____ EXERCISE INPUTS

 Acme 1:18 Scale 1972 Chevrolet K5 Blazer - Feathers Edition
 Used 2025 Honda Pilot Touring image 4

________
____ EXERCISE INPUTS

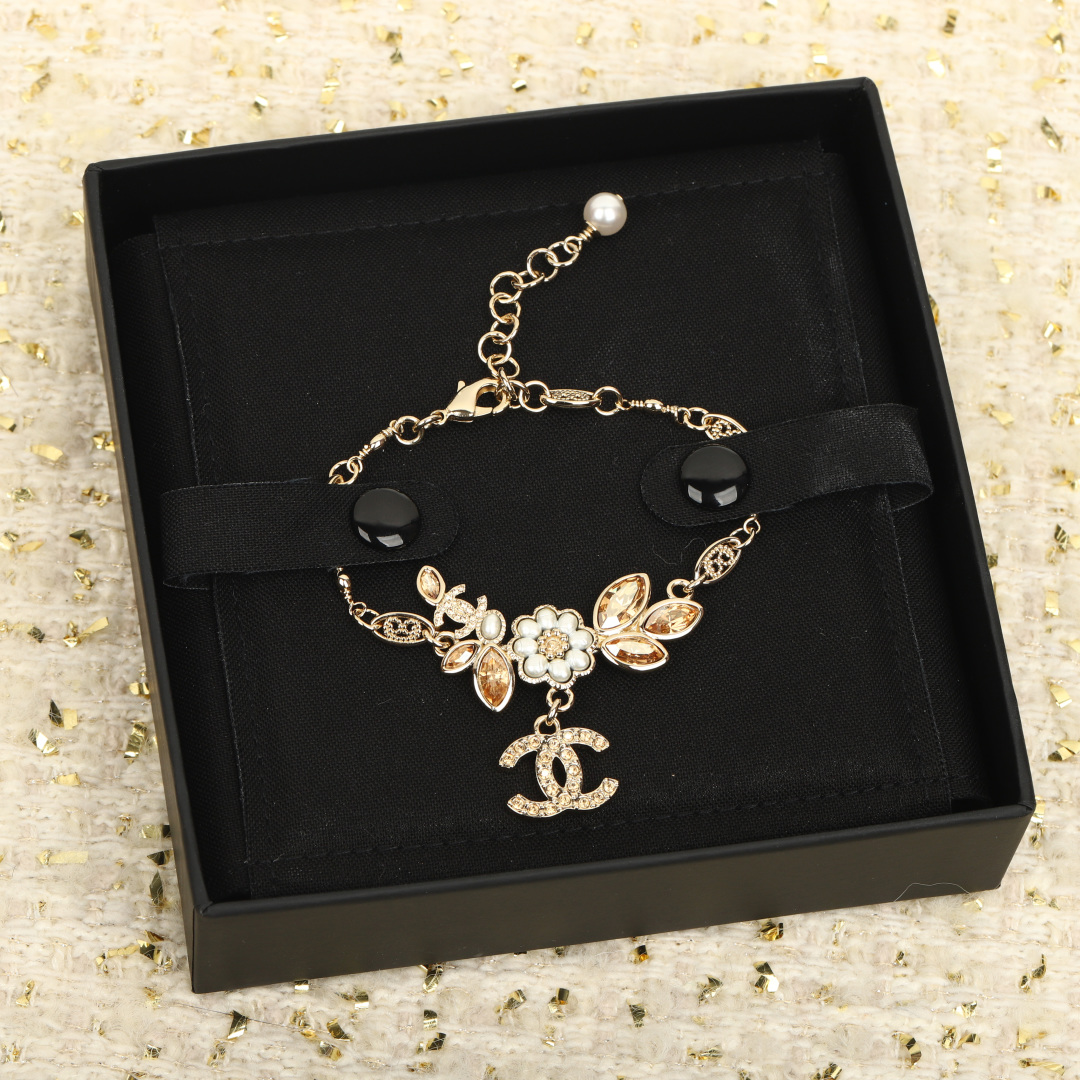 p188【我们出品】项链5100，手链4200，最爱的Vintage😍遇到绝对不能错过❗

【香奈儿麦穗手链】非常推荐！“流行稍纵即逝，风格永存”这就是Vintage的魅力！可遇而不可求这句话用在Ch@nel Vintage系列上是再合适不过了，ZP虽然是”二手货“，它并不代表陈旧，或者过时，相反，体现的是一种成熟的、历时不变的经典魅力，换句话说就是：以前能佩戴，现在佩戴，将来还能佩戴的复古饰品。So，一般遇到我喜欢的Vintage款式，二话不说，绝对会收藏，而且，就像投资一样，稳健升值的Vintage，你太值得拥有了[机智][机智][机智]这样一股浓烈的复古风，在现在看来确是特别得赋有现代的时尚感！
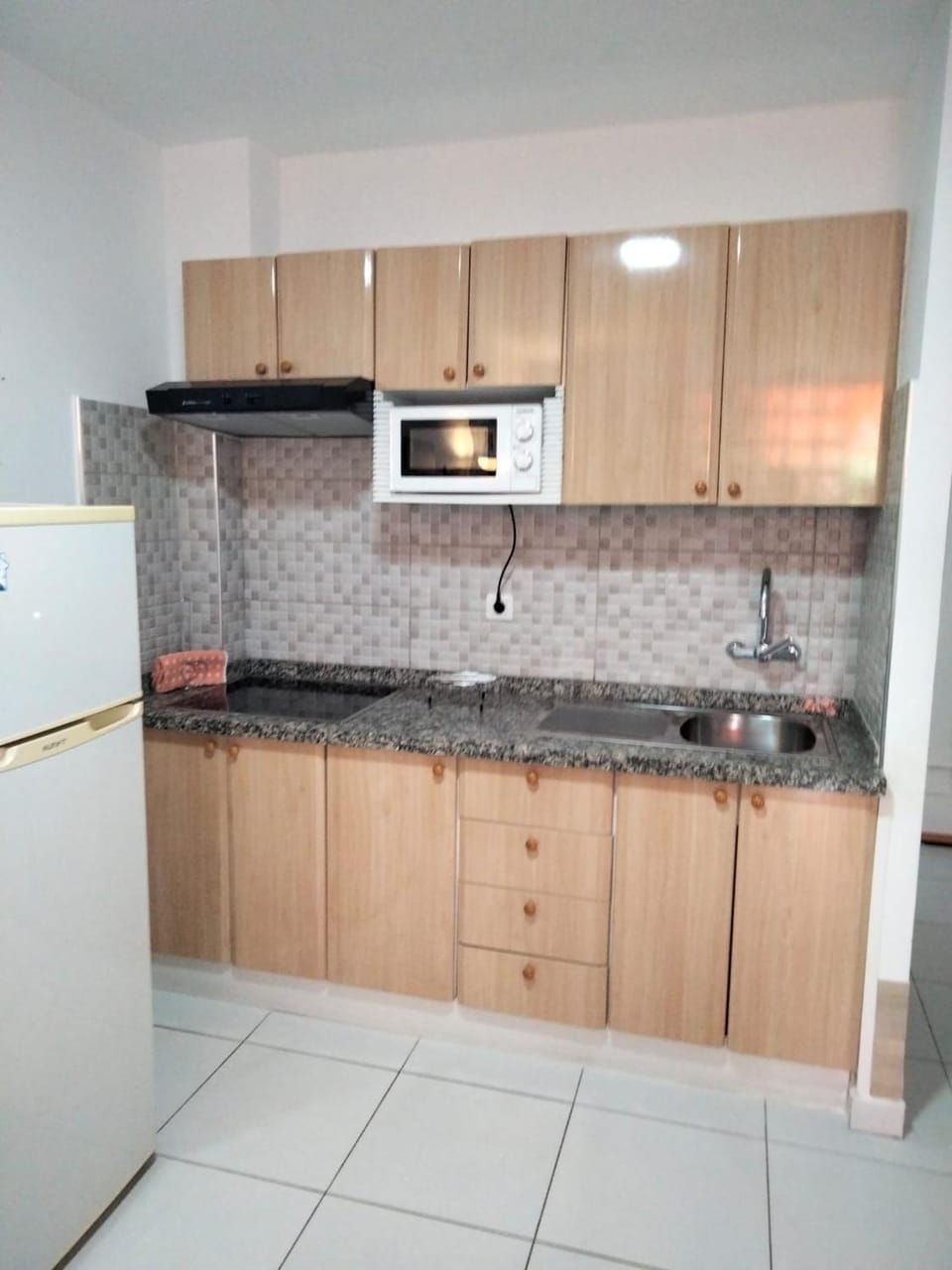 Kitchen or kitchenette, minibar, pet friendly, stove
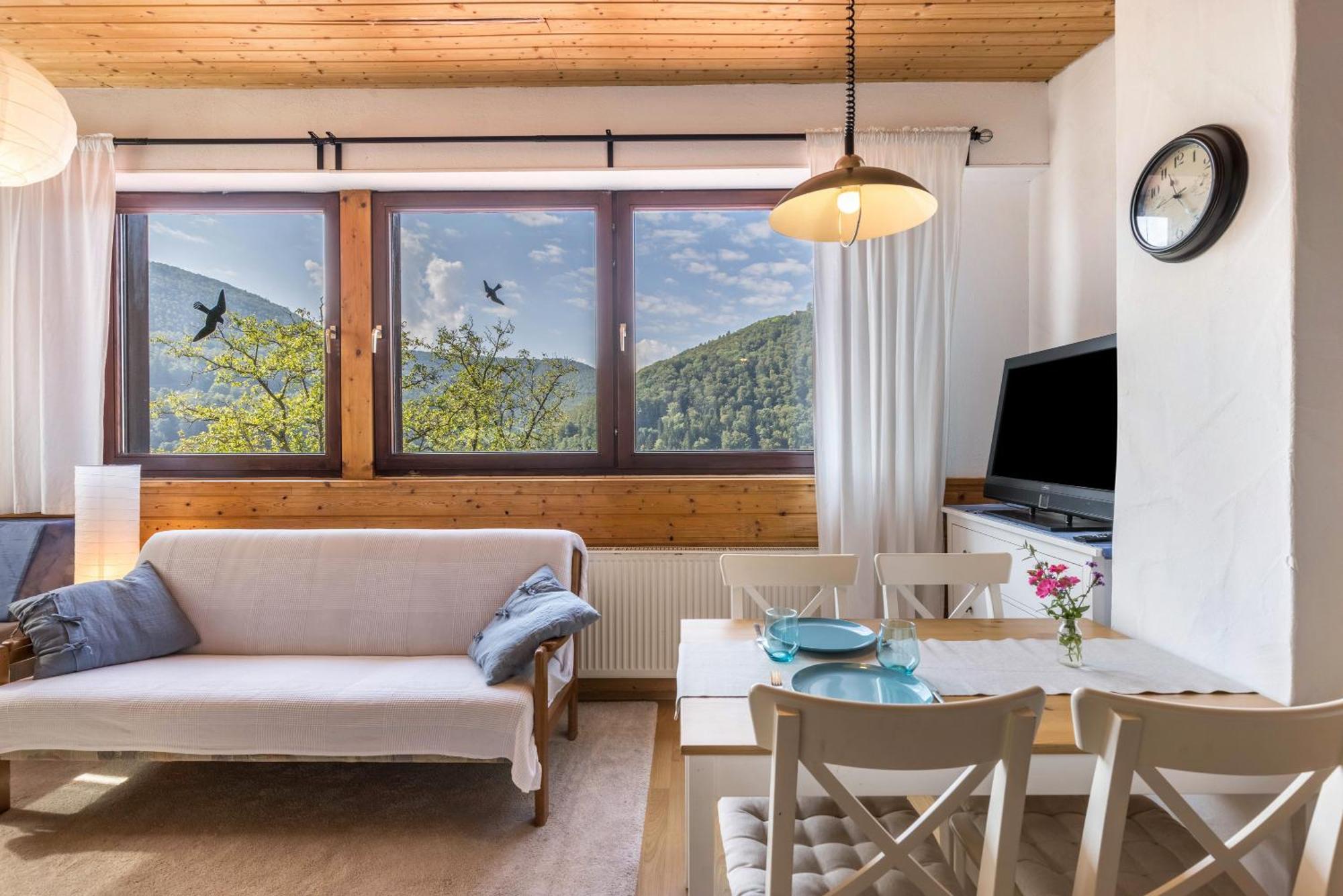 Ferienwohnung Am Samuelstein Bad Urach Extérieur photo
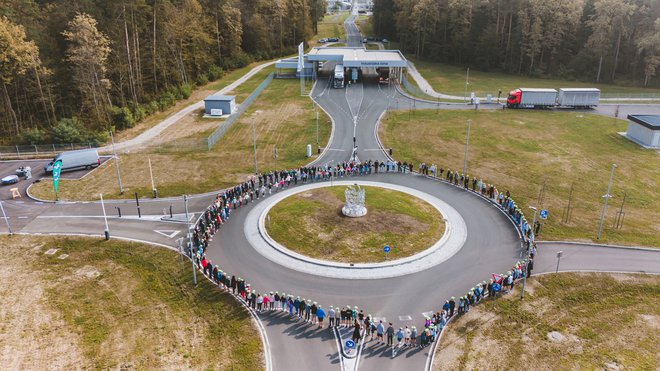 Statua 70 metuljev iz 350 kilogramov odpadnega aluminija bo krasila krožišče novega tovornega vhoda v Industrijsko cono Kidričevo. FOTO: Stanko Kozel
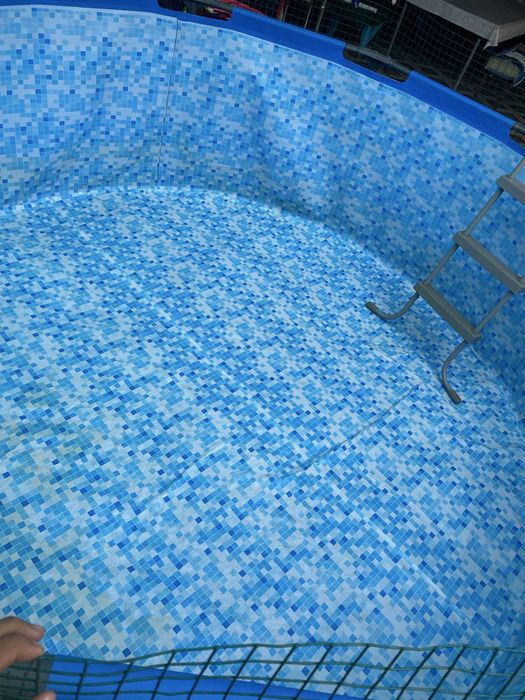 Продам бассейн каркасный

________

In the listing above, the lines from the one containing "Acme 1:18 Scale" through the one containing "Used 2025 Honda Pilot Touring image 4" must be set down exactly, with no other lines.

 Acme 1:18 Scale 1972 Chevrolet K5 Blazer - Feathers Edition
 Used 2025 Honda Pilot Touring image 4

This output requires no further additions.